A tese de Lamego contribuiu muito para o entendimento da formação da planície, mas, como acontece com a ciência, acabou substituída por outra. Continue imaginando que você está na praia do Farol e faça uma nova viagem no tempo. Não é preciso recuar tanto. Volte apenas dez mil anos. O nível do mar era mais baixo e o continente avançava muito mais dentro dele. Para um banho de mar, seria necessário caminhar bem mais até chegar à praia. Então, as temperaturas começaram a subir e a derreter geleiras. O nível do mar chegou a se elevar cem metros em vários pontos do planeta.
Na vasta planície do atual norte fluminense, o mar avançou até a zona serrana, em Itereré, alcançando a lagoa de Cima. A baixada se transformou numa grande lagoa demarcada por ilhas. Supõe-se que o antigo continente invadido pelo avanço do mar fosse um terreno de tabuleiros ligado a uma grande restinga que se estendia da atual Barra do Furado (que então não existia) até o rio Macaé (que já existia). Os tabuleiros são formados por argila grossa com concreções ferruginosas. A topografia é caracterizada por ondulações suaves. Já uma restinga é formada por substrato arenoso.
Quatro geólogos formularam esta tese com base em métodos radioativos. Seus nomes são Louis Martin, Kenitiro Suguiu, José Maria Landim e Jean-Maria Flexor. Eles escreveram vários artigos sobre a nova tese juntos ou separados. Em 1997, os quatro publicaram um livro comparando a formação do delta do Paraíba do Sul à formação do delta do rio Doce. O título do livro é “Geologia do Quaternário costeiro do litoral do norte do Rio de Janeiro e do Espírito Santo”.
O avanço máximo do mar, segundo eles, foi alcançado em 5.100 anos antes do presente. A partir de então, ele começou a recuar. A grande lagoa formada pelo mar foi sendo aterrada pelo rio Paraíba do Sul, principalmente. Na altura de Campos (que ainda não existia, é claro), houve uma grande bifurcação do rio. Um braço dirigiu-se para o Açu ramificando-se em vários canais, como o delta pé de ganso identificado por Lamego. Mas só chegou timidamente ao mar pelo antigo rio Iguaçu, hoje lagoa do Açu.
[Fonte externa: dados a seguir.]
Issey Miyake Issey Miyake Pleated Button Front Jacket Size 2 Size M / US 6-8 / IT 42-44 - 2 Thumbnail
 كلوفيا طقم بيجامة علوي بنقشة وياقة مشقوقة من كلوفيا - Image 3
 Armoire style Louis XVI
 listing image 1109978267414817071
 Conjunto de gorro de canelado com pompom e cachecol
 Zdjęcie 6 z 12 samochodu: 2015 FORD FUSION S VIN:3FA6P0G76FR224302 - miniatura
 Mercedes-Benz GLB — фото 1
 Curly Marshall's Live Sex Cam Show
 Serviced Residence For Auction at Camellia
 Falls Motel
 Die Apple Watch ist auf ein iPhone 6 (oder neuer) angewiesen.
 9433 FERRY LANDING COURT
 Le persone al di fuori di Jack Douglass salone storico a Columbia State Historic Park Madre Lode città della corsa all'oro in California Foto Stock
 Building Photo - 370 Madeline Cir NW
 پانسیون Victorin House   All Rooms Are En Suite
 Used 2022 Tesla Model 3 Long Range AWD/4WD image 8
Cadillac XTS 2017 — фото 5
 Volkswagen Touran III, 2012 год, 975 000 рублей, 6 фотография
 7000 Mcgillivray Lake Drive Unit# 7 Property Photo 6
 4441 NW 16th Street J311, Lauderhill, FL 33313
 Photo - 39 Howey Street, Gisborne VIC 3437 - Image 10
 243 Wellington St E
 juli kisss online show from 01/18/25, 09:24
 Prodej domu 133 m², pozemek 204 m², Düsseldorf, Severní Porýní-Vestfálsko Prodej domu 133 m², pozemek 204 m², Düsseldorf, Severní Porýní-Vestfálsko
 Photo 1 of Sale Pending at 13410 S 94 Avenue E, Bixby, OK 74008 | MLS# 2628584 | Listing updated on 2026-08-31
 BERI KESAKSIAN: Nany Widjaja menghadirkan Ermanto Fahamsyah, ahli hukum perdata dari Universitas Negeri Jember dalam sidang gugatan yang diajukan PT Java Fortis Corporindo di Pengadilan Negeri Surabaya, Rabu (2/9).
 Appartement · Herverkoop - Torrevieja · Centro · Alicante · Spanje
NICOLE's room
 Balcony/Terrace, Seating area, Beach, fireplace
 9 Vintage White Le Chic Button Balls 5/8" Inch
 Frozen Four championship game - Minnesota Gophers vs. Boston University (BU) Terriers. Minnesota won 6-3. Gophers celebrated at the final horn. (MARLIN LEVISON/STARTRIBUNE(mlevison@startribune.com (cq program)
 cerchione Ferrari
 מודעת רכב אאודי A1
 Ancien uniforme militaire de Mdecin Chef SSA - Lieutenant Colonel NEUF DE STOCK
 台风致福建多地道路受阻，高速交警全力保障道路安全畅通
Esse braço morreu por conta própria em grande parte. Os colonos de origem europeia, a partir dos Sete Capitães, o denominaram de córrego ou canal do Cula, que serviu de base para a penetração para o interior através de uma estrada de terra batida originalmente. Depois, uma ferrovia. Por fim, a estrada asfaltada Campos-Farol.
O outro grande braço dirigiu-se à atual Atafona e chegou ao mar no ponto em que hoje se situa o pequeno delta do Paraíba do Sul. Como não existem pedras criadas pela própria natureza, o forte jato do Paraíba do Sul desembocando no mar funcionou como obstáculo para reter areia transportada pelas correntes do norte para o sul e formando a maior restinga do estado do Rio de Janeiro. A força do Paraíba do Sul, há 2 mil anos era muito maior que a de hoje. Ela enfrentava as correntes marinhas com maior competência que hoje. Mesmo assim, os processos erosivos registrados em Atafona já existiam, embora em grau menor.